- **ASSIGNED TASK**: With the material below, print exactly the lines between the line holding "Garden ornaments dog" and the line holding "2025澳家婆一肖一特，探索", inclusive. Add nothing else.

- **RECORDS SHOWN**:
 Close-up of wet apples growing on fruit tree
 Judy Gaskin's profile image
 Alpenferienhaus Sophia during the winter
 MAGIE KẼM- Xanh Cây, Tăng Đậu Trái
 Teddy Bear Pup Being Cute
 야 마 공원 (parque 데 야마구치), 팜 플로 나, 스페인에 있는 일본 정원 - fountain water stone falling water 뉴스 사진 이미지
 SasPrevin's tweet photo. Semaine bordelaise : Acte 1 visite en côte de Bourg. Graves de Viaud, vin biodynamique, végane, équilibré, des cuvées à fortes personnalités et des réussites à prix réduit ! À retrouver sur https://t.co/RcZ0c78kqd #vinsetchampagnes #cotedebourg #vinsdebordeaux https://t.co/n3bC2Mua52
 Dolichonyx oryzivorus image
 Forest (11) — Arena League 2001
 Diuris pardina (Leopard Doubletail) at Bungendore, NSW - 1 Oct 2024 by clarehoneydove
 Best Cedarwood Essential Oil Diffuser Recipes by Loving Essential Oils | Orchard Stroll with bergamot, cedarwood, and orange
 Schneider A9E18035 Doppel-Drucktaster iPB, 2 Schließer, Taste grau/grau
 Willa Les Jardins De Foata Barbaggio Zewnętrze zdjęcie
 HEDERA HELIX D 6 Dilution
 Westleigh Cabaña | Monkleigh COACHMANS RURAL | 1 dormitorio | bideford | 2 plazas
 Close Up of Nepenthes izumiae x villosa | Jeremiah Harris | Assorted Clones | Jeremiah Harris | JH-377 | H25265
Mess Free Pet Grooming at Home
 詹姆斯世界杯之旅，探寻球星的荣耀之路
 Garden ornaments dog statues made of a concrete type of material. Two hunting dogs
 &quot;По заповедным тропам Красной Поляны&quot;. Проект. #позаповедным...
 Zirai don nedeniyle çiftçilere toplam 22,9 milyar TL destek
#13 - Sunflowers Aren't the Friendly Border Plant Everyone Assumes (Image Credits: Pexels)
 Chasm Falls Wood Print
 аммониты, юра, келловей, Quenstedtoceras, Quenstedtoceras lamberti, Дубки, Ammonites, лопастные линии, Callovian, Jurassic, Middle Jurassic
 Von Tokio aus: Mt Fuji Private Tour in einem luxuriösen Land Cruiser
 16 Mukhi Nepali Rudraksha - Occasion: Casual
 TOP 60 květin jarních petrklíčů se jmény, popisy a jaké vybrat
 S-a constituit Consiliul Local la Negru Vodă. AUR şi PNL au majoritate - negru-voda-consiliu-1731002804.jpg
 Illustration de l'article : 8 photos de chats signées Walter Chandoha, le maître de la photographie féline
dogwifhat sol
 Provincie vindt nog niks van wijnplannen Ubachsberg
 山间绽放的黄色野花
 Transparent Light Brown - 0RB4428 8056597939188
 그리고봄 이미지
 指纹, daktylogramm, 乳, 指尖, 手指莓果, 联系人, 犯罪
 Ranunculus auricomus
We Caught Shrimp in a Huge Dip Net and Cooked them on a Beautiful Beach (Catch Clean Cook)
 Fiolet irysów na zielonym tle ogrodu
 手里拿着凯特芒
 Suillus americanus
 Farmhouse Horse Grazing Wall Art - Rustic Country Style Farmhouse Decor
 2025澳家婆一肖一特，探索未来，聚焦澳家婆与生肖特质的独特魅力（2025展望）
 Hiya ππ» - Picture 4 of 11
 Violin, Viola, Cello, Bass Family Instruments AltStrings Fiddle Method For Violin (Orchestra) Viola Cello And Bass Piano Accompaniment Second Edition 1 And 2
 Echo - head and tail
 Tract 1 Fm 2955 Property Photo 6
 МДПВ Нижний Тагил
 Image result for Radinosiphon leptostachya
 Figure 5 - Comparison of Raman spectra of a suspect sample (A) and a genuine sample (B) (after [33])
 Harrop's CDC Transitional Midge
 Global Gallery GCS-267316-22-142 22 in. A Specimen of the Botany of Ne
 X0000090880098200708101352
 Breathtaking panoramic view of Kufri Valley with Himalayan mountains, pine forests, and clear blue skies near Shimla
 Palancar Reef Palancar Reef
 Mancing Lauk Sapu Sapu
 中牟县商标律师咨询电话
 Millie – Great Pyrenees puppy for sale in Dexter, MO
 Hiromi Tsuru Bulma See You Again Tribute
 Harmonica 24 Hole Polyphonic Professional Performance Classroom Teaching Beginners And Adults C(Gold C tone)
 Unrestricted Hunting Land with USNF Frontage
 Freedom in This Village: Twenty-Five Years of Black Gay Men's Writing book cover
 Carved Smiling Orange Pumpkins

- **ANSWER SECTION**:
 Garden ornaments dog statues made of a concrete type of material. Two hunting dogs
 &quot;По заповедным тропам Красной Поляны&quot;. Проект. #позаповедным...
 Zirai don nedeniyle çiftçilere toplam 22,9 milyar TL destek
#13 - Sunflowers Aren't the Friendly Border Plant Everyone Assumes (Image Credits: Pexels)
 Chasm Falls Wood Print
 аммониты, юра, келловей, Quenstedtoceras, Quenstedtoceras lamberti, Дубки, Ammonites, лопастные линии, Callovian, Jurassic, Middle Jurassic
 Von Tokio aus: Mt Fuji Private Tour in einem luxuriösen Land Cruiser
 16 Mukhi Nepali Rudraksha - Occasion: Casual
 TOP 60 květin jarních petrklíčů se jmény, popisy a jaké vybrat
 S-a constituit Consiliul Local la Negru Vodă. AUR şi PNL au majoritate - negru-voda-consiliu-1731002804.jpg
 Illustration de l'article : 8 photos de chats signées Walter Chandoha, le maître de la photographie féline
dogwifhat sol
 Provincie vindt nog niks van wijnplannen Ubachsberg
 山间绽放的黄色野花
 Transparent Light Brown - 0RB4428 8056597939188
 그리고봄 이미지
 指纹, daktylogramm, 乳, 指尖, 手指莓果, 联系人, 犯罪
 Ranunculus auricomus
We Caught Shrimp in a Huge Dip Net and Cooked them on a Beautiful Beach (Catch Clean Cook)
 Fiolet irysów na zielonym tle ogrodu
 手里拿着凯特芒
 Suillus americanus
 Farmhouse Horse Grazing Wall Art - Rustic Country Style Farmhouse Decor
 2025澳家婆一肖一特，探索未来，聚焦澳家婆与生肖特质的独特魅力（2025展望）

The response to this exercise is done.